AZT Mile 549, the Coconino Plateau

Out of Flag via the southbound urban AZT which runs just a mile east of the Grand Canyon Hostel.

The hostel itself is an old and rickety but clean building. The manager claims it was a brothel in former times, but that is probably true of most old residential buildings in central Flagstaff.

I believe it was Ed Abbey who said that the women in Flagstaff were so homely that even a cowboy could get laid there. That sounds like the Flagstaff of my youth, a beat-down trucker/cowboy/logging town.

But it now is a university town, and the men are far more likely to sport man-buns and handlebar mustaches than cowboy hats.

There were two breweries on the same block as my hostel, and six within a half mile radius. They varied in quality, but the Historic and Flagstaff breweries would hold their own with the best Colorado breweries.

The town has transformed itself, but keeps much of its Route 66 ambiance. Three neon motel signs are mounted on towers over downtown, having apparently escaped being torn down as the eyesores they objectively are. Jerry Garcia once observed that the Grateful Dead were much like old whores and bad architecture- they had stuck around long enough to become respectable. The motel signs are apparently now respectable.

Stopped in for breakfast at the Grand Canyon Cafe, which I am pretty sure my family ate at in the 60s. It now features several taps of local craft brews, and the only other patron at the counter was clutching a stout. He was obviously a man after my own heart and we struck up a conversation – he is a baker at the cafe and had just finished his shift, and thus a beer at 6AM was totally appropriate (not that beer is ever inappropriate). He’d been making English muffins from scratch, which is apparently very time consuming due to long rises and multiple proofs. He was kind enough to toast one up for me and it was really good. And when I told him I commonly had pop-tarts for breakfast on the trail, he set me up with some fresh-baked chocolate chip cookies to take with me and eat instead. Sometimes it pays to be the first customer in a cafe in the morning.

I took a double zero in Flag, giving the inflammation in my left foot and right hip a chance to die down. They did, but only a bit. I think I’ll manage.

Felt a bit nervous heading out of town and into the wild again, and a phone call to Cathy left me feeling homesick and missing her.

The trail itself is more plateau walking, although now it is walking on a lava flow and much more rocky. The soil is a thin brittle crust that my hiking poles keep breaking though, causing them to stick.

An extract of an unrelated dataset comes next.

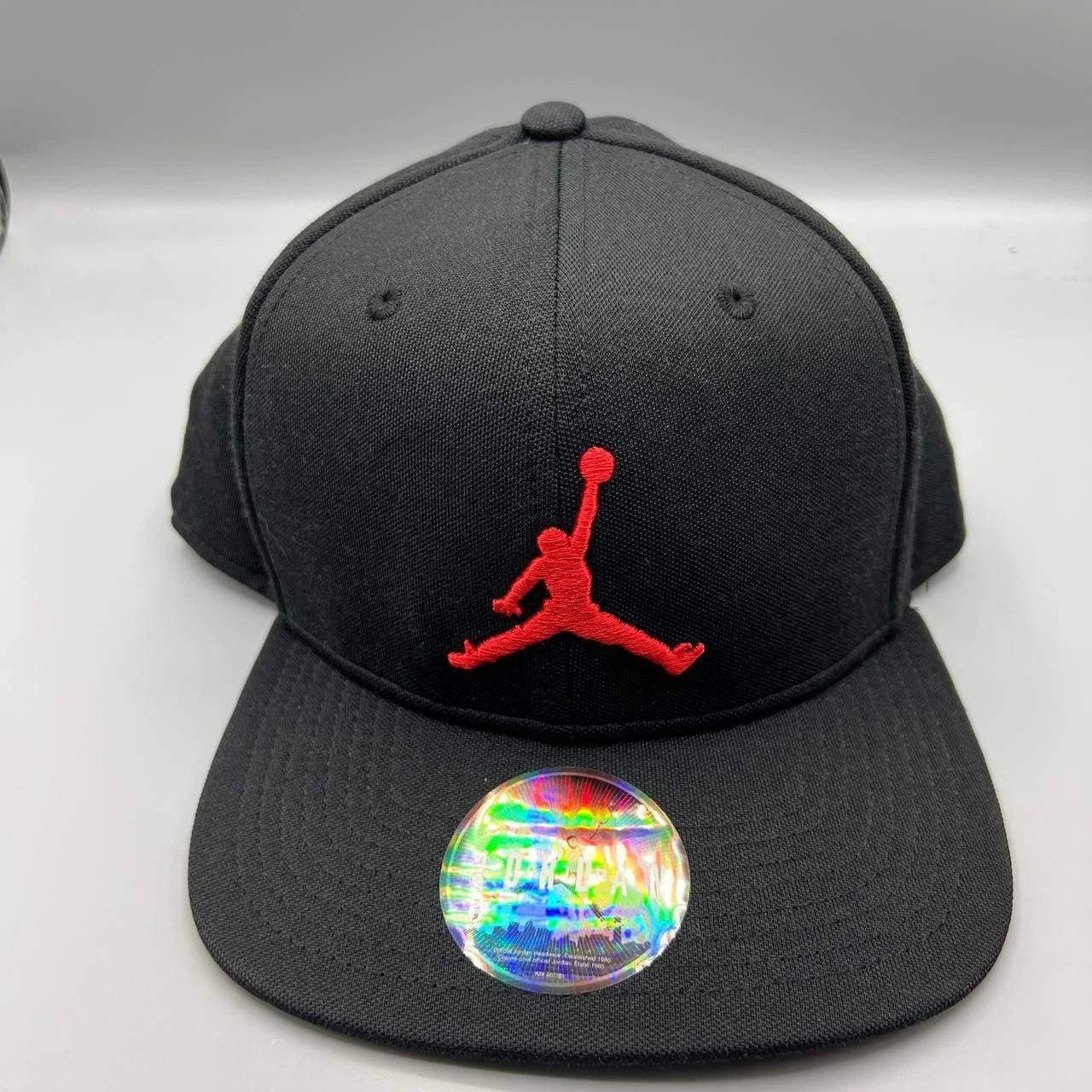 Jordan Brand Air Jordan Hat Men Black Embroidered Red Logo Snap Back Cap Size ONE SIZE - 1 Thumbnail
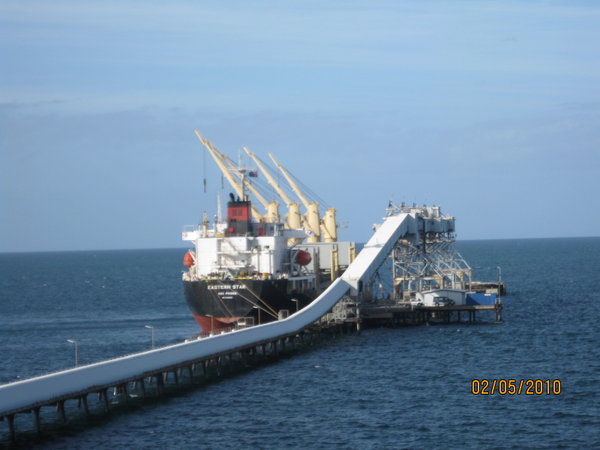 Pt Giles conveyor belt loading ship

The foliage is the usual mix of ponderosas, oaks and cedars, varying with the soil and the slight changes in elevation. But the forests are very open and I had good views of Walnut Canyon and the SF peaks all along the trail.

Looking back at the SF peaks. And there are clouds!

This is open, lonely country with few highlights and big distances. Yet its roughness and desolation have their own peculiar charms. I hope I can find the right state of mind to appreciate them.